For six years from the late 1940s Warren played for Ted Croad, who kept the big band style going long after others had moved on, with residencies at the Orange Ballroom on Newton Road and the Trade’s Hall on Hobson Street. Croad’s band played at the Orange from 1935, and only retired when rock and roll took over at the Trade’s Hall in 1956 (it was renamed the Jive Centre). Croad paid well, so attracted the best players. Among them were pianist Crombie Murdoch, bassist George Campbell, his brother Lou Campbell on trumpet, and Jim Watters on saxophone. The drummer was Croad’s son, Ed Croad, who would marry the singer, Pat McMinn.
What Ted Croad lacked in musicianship, he made up with showmanship, Warren recalled in 2006: “He loved to dress up in his white tie and tails and conduct the band, but half the time he didn’t know what he was doing. We used to laugh and snigger. He’d be taking a band through a new piece – we had to be reasonably good readers – and Ted would be conducting and the band would finish and Ted would sometimes finish a bar later, or a bar earlier.”
The band scene was still busy in the 1950s, and Warren played with most of the key characters.
Running one of Auckland’s top big bands during the war – especially when the American servicemen were in town – meant that Croad made a lot of money, much of which he poured back into the band. He kept a sizeable band going longer than it was necessary or financially wise. “He could have made the same money with a band half the size,” said Warren. Croad played for ballroom dancers, and didn’t like it when jive dancing arrived in the 1950s. Over the microphone he’d say, “No jiving allowed” – so the crowd started going elsewhere.

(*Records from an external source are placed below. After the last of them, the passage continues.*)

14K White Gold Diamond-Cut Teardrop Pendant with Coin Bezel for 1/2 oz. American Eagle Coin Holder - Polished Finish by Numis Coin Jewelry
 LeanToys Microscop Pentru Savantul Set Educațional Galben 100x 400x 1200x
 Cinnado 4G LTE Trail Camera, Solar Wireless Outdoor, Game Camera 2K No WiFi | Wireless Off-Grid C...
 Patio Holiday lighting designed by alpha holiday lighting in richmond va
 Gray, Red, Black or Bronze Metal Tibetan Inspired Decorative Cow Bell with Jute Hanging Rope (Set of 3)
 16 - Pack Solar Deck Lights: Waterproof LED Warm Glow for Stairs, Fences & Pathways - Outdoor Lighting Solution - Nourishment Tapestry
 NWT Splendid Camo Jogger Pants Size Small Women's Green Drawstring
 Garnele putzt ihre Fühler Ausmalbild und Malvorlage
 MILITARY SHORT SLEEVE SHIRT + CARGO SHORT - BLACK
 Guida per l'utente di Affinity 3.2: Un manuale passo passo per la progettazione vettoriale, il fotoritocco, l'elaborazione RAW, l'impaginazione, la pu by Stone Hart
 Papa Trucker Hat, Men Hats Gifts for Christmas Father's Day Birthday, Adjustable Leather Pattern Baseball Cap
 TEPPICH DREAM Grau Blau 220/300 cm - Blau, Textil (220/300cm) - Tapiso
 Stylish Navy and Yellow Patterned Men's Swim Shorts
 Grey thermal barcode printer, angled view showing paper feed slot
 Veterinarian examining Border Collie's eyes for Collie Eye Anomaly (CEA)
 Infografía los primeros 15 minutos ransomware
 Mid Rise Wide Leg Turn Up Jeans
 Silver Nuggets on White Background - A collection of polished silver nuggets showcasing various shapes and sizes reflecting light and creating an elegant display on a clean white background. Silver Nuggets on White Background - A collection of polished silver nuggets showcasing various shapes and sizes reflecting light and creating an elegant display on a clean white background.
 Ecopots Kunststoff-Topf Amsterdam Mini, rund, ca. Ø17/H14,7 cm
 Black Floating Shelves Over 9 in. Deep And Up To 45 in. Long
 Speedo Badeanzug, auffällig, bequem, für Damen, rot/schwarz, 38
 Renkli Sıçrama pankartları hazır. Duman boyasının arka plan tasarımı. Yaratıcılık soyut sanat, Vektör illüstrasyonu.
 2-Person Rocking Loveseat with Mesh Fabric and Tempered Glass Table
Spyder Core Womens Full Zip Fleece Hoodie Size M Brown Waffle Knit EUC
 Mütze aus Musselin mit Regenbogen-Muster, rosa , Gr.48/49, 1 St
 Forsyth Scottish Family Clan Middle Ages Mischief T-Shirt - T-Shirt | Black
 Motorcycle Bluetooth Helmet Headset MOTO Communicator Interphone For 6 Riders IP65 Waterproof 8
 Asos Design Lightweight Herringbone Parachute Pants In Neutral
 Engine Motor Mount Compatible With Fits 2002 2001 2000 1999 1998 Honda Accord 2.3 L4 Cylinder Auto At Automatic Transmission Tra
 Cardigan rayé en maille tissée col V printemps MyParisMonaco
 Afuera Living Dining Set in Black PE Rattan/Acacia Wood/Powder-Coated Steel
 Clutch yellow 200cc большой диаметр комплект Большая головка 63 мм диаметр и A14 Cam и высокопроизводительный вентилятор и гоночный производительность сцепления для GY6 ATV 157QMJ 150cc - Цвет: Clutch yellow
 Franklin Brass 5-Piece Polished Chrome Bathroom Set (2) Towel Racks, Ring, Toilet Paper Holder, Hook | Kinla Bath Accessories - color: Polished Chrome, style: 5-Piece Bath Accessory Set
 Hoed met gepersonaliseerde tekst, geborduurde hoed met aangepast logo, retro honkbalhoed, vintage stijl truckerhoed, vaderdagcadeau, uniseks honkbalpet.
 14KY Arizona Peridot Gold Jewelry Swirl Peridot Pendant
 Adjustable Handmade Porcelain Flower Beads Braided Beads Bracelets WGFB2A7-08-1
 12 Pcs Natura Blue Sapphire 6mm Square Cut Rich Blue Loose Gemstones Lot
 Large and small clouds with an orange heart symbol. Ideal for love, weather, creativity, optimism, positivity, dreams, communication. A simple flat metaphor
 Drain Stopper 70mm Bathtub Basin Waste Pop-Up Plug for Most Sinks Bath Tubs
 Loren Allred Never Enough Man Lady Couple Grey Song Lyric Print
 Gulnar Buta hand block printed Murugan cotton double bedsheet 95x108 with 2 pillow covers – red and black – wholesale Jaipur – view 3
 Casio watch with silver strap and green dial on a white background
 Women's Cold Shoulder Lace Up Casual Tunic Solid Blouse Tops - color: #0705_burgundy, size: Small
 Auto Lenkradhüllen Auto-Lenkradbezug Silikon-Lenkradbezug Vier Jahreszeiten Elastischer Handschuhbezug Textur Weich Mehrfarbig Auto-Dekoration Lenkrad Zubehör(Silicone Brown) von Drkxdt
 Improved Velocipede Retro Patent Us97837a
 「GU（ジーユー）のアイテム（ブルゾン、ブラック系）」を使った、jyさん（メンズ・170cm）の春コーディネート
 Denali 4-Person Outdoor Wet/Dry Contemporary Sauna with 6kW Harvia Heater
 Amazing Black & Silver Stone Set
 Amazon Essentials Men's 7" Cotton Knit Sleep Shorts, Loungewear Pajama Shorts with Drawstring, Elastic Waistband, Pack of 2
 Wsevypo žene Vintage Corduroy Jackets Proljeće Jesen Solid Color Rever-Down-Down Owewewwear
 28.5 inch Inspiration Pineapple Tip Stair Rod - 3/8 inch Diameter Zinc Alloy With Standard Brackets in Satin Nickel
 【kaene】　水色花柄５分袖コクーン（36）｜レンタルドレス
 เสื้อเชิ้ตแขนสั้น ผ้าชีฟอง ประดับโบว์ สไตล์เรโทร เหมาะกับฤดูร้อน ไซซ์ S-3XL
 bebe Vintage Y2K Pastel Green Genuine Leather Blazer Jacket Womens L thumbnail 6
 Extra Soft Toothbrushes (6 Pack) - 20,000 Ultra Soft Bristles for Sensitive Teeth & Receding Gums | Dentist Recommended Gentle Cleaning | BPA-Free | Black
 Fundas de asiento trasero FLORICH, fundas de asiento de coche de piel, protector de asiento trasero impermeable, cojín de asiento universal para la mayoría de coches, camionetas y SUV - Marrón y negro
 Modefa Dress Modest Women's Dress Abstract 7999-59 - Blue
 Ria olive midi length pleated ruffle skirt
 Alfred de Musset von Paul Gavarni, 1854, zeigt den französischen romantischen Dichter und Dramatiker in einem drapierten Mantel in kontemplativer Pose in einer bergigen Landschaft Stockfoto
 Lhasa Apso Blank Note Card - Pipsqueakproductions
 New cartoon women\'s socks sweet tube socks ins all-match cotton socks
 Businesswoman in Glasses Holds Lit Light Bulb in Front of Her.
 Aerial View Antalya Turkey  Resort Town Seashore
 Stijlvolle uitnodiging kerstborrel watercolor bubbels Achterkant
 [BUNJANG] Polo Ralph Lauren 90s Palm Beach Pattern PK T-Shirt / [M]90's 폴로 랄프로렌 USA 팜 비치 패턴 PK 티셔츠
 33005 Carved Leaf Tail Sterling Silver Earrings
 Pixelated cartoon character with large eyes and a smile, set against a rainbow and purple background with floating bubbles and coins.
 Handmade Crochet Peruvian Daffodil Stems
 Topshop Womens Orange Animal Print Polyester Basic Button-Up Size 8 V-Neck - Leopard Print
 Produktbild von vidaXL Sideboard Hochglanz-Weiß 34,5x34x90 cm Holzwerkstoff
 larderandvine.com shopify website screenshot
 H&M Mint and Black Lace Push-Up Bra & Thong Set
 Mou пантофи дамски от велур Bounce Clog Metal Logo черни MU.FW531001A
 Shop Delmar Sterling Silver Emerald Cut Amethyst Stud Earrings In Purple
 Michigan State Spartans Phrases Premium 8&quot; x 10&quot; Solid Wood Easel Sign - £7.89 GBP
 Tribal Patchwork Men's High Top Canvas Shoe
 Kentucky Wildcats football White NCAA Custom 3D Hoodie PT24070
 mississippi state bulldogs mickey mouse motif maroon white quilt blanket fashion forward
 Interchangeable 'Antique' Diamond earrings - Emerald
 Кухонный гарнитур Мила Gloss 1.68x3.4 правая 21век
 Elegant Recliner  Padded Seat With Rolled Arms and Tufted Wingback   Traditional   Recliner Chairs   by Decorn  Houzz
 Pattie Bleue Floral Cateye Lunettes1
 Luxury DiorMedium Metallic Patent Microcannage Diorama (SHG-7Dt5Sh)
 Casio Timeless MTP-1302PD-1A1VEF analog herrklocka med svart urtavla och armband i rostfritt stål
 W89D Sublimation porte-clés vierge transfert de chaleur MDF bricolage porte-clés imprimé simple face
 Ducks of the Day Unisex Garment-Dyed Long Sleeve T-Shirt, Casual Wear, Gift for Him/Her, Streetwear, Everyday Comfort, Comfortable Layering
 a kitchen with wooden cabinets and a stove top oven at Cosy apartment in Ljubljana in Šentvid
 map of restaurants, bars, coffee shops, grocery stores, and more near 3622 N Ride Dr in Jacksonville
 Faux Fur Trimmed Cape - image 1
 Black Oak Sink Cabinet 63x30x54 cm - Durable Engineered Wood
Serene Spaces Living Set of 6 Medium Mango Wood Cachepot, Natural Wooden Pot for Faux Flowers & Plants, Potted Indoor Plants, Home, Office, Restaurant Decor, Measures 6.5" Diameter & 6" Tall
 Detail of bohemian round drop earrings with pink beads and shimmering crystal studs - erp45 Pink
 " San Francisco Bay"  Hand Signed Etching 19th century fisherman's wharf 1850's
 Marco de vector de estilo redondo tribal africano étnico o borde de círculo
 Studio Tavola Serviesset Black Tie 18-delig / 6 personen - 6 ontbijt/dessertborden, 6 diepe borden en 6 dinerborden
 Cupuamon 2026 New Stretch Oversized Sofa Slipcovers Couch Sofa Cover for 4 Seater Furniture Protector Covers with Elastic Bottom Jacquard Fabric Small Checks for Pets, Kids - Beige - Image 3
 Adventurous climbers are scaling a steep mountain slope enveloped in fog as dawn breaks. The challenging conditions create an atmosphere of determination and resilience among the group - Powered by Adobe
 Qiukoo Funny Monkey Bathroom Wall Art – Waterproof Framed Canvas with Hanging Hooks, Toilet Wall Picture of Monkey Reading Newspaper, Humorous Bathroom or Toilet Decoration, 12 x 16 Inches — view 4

The band scene was still busy in the 1950s, and Warren played with most of the key characters, such as Julian Lee, Crombie Murdoch, Jim Foley, John MacKenzie, George and Lou Campbell, and the Watters brothers Pat and Jim (who fought on the way home, arguing about who played a duff note).
Warren recalled long-lost Auckland cabarets and dance halls such as the Showboat – a floating dance hall at Mechanic’s Bay that was sabotaged – the Crystal Palace in Mount Eden, St Seps in Khyber Pass, St Benedicts in Newton, the Kit Kat in Newmarket, St Mary’s in Ellerslie, the Trocadero opposite the Town Hall … as real estate demands grew and dance fashions evolved, so too did these once-bustling places disappear.
The TVNZ series Radio Times in the late 1970s revived the pre-war big band sound, with a touch of English tea dance orchestra. The set-up imitated a live radio broadcast, with charismatic hosts played by Billy T James and Craig Scott. It was a breakthrough role for the multi-talented James, but for Warren it was a rare chance to play once again with his colleagues from the heyday of the big band. Among them were “name” players such as Crombie Murdoch, Merv Thomas, Neil McGough and Nancy Harrie.
“Watch those specks and spots boys, watch those specks and spots.”
Twenty years later, Warren’s last major gig was playing trumpet with the 1932 Jazz Orchestra, a 12-piece Auckland band with two vocalists. It favoured the swing rhythms and risqué songs of the 1920s and 1930s. Thomas, the first-call trombonist in Auckland for many years, was the musical director and Warren did much of the arranging. Their repertoire included 220 pre-World War II songs.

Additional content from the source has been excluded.